For its third quarter ended Dec 31, 2021, IWB’s net profit rose to RM4.68mil from RM3.28mil in the previous corresponding period, while revenue improved to RM20.88mil from RM16.97mil a year earlier.
For the nine-month period ended Dec 31, 2021, IWB’s net profit grew to RM11.81mil from RM7.58mil in the previous corresponding period, while revenue increased to RM58.46mil from RM33.43mil previously.
The group’s earnings were bolstered by higher contributions from its property development and manufacturing segments.
IWB launched its RM200mil glove and face mask factory in Batu Kawan, Penang, in January this year.
Following the launch of the plant, IWB managing director Datuk Tan Kean Tet said the continued Covid-19 viral evolution that led to the emergence of variants such as Omicron, despite the extensive vaccinations globally, is expected to sustain the demand for gloves and face masks.
“While IWB is relatively new in the PPE manufacturing market, our international recognition and the overwhelming enquiries from potential customers makes us one of the leading beneficiaries of this continued demand for PPE,” he said in a statement.
Citing a report by the Arizton Advisory and Intelligence, Tan said the medical glove market is expected to reach US$18.56bil (RM79bil) by 2026, up from US$9.58bil (RM41bil) in 2020.
“The global medical face mask market, according to Arizton, is expected to reach US$5.73bil (RM24bil).
“The world continues to see an increase in demand for medical-grade gloves and face masks due to higher hygiene requirements and as a manufacturer, we see a huge opportunity for us.”
Earlier this month, IWB group executive director James Tan told StarBiz that it plans to double the production capacity of its new RM200mil Batu Kawan plant by the middle of the year.
The plant will be able to produce 300 million pieces of nitrile gloves per month compared to 150 million per month presently.
James was quoted as saying that the face masks, gloves and test kit business would generate about 50% of the group’s revenue in 2022.
Another major property developer that diversified into glove manufacturing is Mah Sing Group Bhd.
“In 2020, Mah Sing announced its new venture into the healthcare segment via glove manufacturing, which marks further diversification to tap new business opportunities,” it says in its 2020 annual report.

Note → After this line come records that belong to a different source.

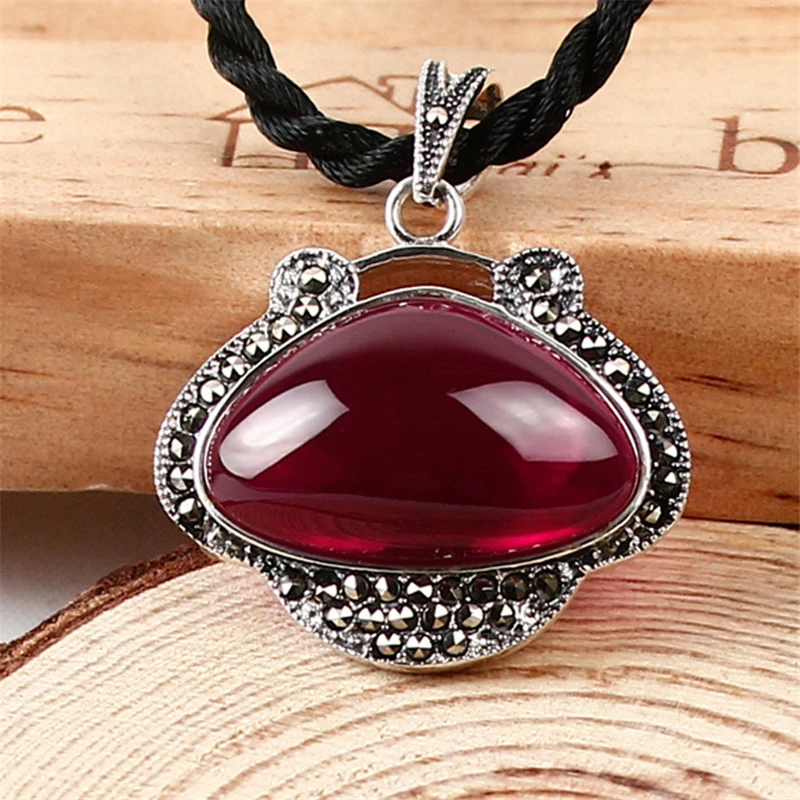 

Natural semi-precious stones green 925 national Soviet romantic Red corundum green pendant lock girlfriend gift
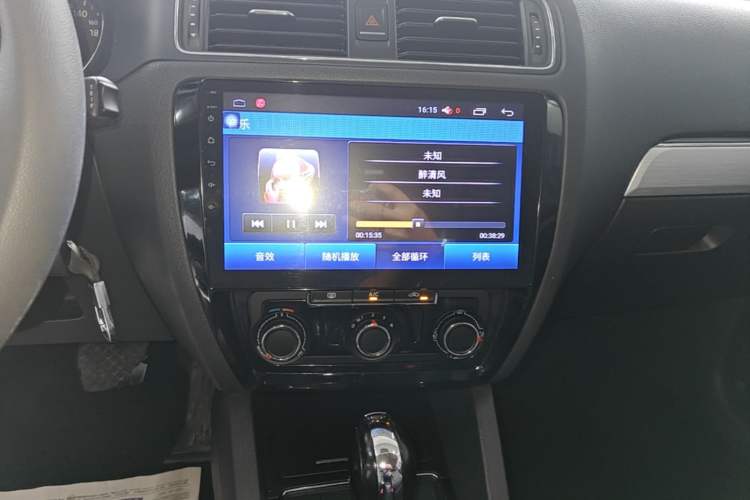 Used Volkswagen Sagitar 2015 1.6L Automatic Fashion Model Audio And AC Panel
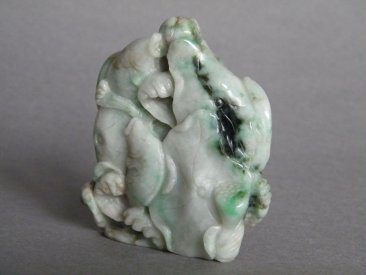 #0830  Chinese Jadeite Carp & Lotus 'Boulder', Late 18th/19th Century 鲤鱼翡翠把件 - 18/19世纪 Price on Request 售价待询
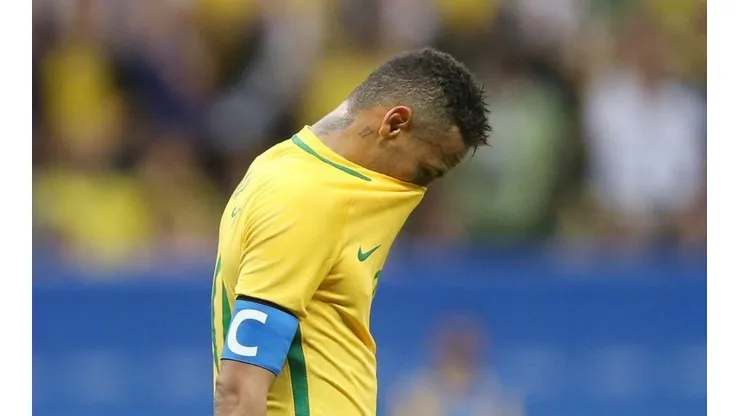 Neymar vem sendo sondado por vários clubes.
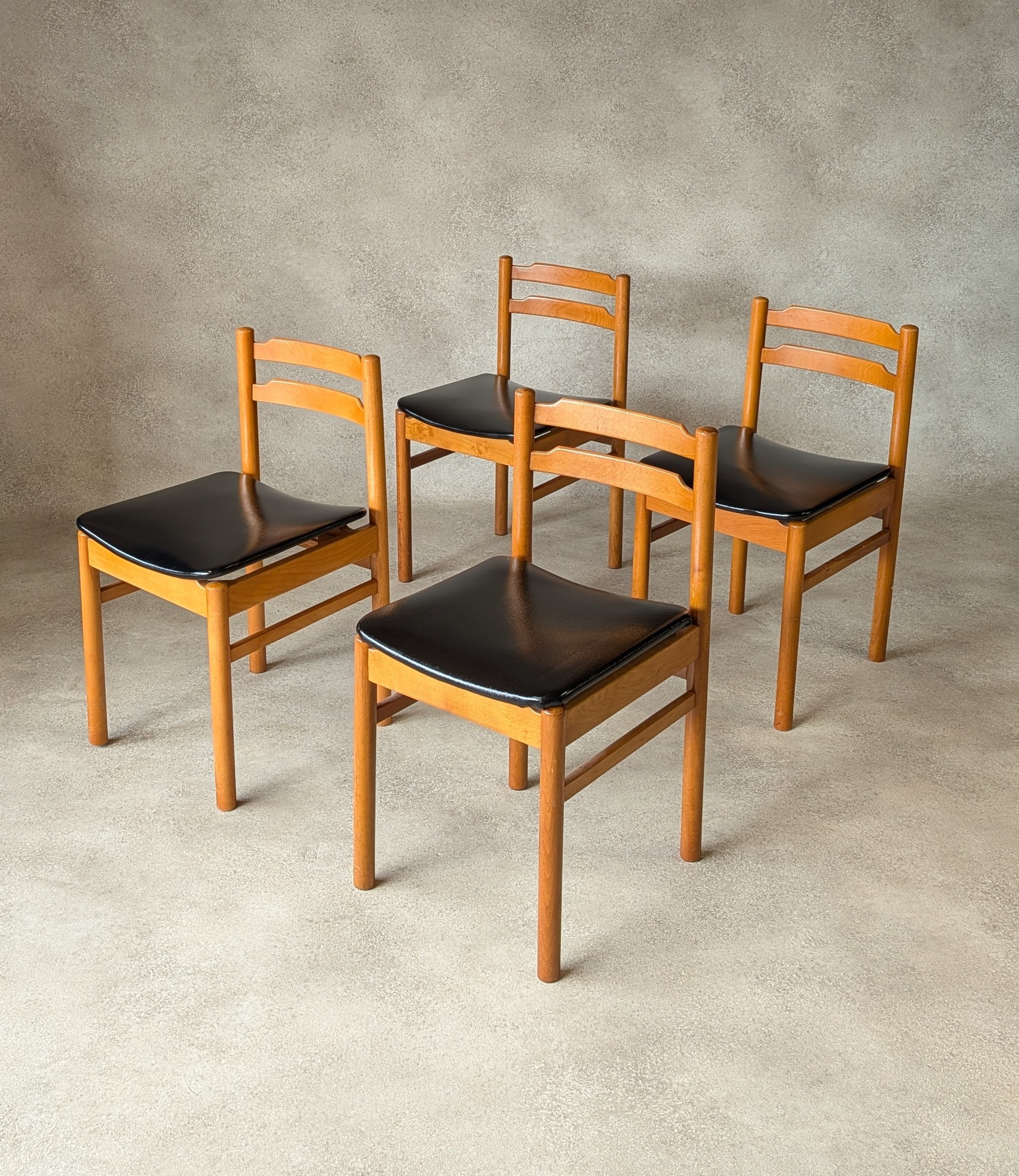 Set of 4 Mid Century Scandinavian Style Beech & Black Vinyl Dining Chairs 1960s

The property developer says it would leverage its experience as a plastics manufacturer over the past four decades, which would be supported by potential synergies derived from the group’s other businesses.

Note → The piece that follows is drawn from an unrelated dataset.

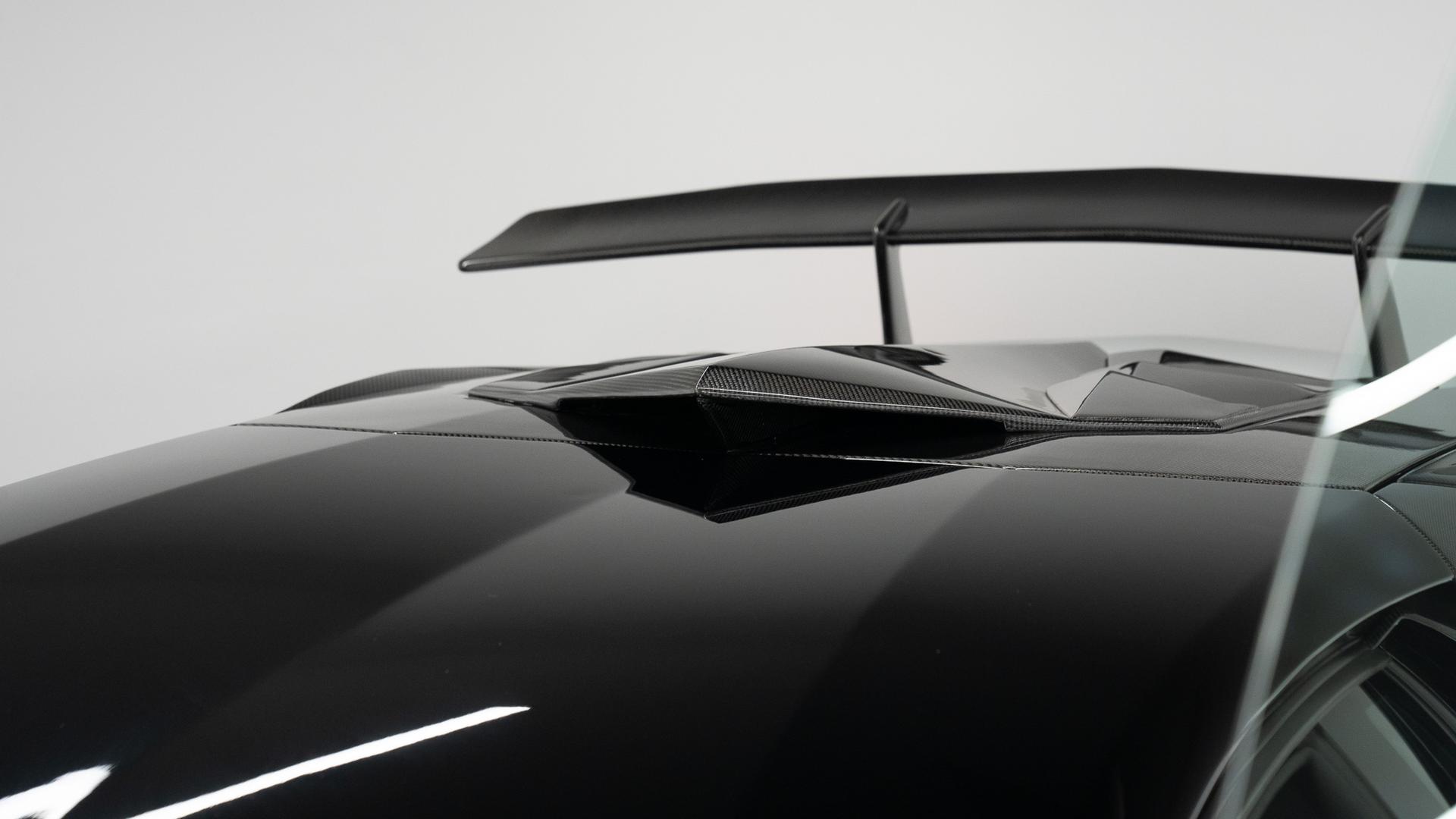 LAMBORGHINI Aventador Photo 92ae34ab-c08c-49f5-929c-526bb3204b9a.jpg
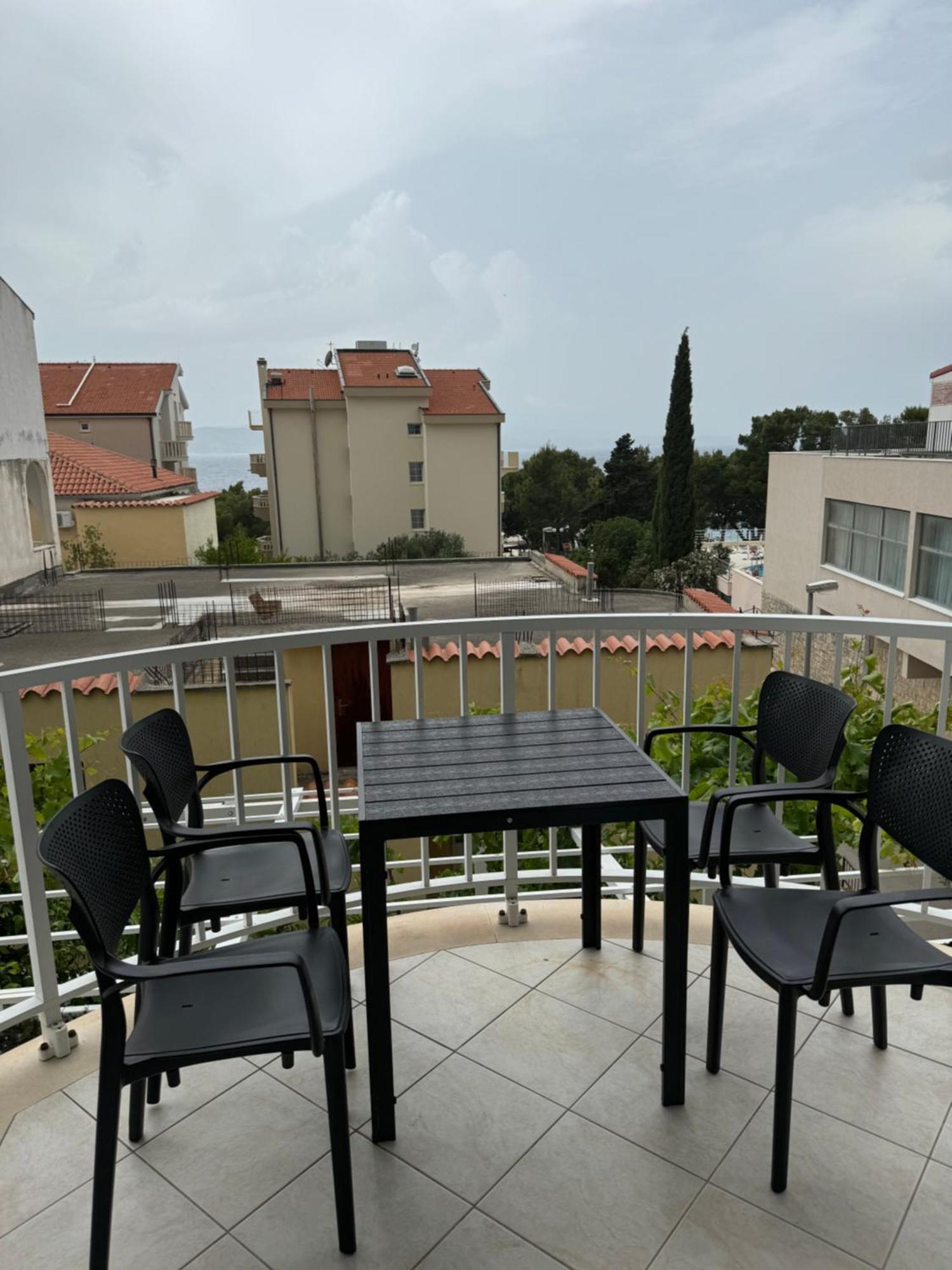 House 100M From The Beach With Free Parking And Breakfast Башка-Вода Экстерьер фото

Commenting on the group’s foray into glove manufacturing, Hong Leong Investment Bank Research (HLIB) in a recent report noted that Mah Sing chose to venture into the business during the down cycle of the sector, when margins were compressing.
“Consequently, its share price has also gone through a cycle driven by the glove sentiment as the group was perceived as a glove proxy counter.

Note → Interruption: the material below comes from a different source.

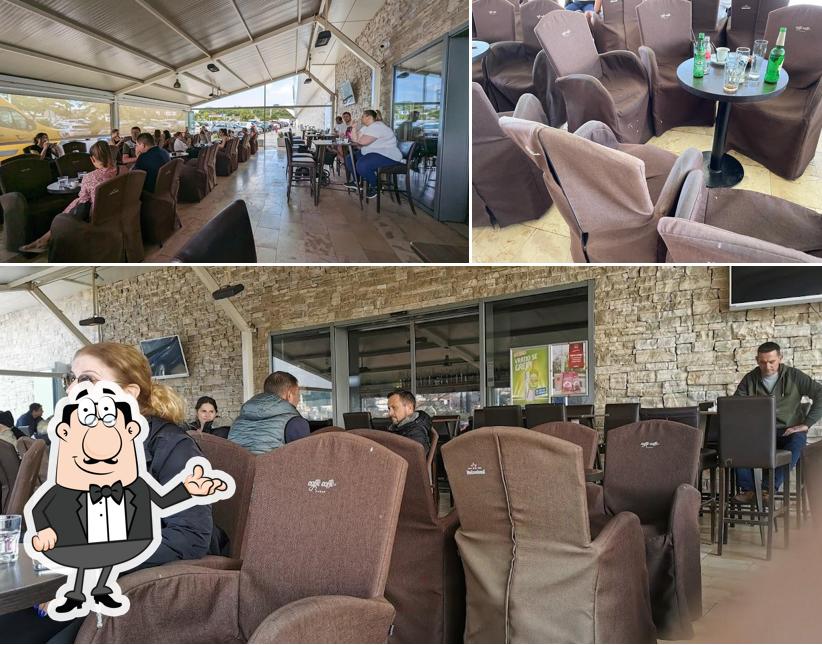 Gli interni di Caffe Caffe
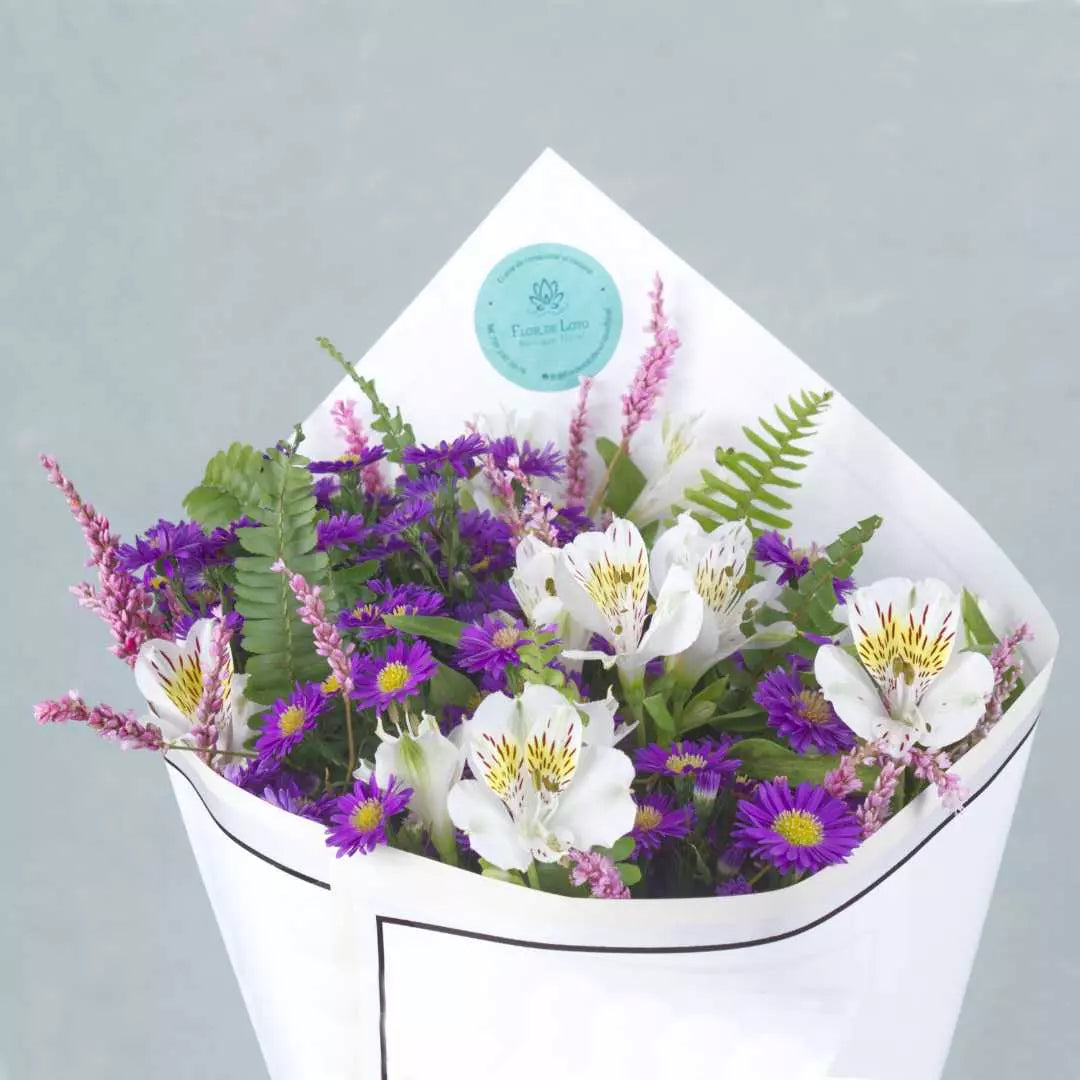 Bouquet "Natalie" de aster morado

“Nonetheless, we note that the glove assets only make up about 3% of the group’s total asset base and as such, we view this business as a non-core segment for the group.”
HLIB said Mah Sing’s management had shared that they intend to divest both the plastic and glove manufacturing segments through a separate listing within five years.
“We view this long-term strategic plan positively as the manufacturing businesses do not have synergistic value with its property business and as such, a divestment could likely unlock more value to the shareholders.
“In the near term, we believe that the group should be able to fill up its capacity gradually as it only has 12 lines with an annual capacity of 3.68 billion pieces. With better utilisation, the segment should be able to turn cashflow positive.”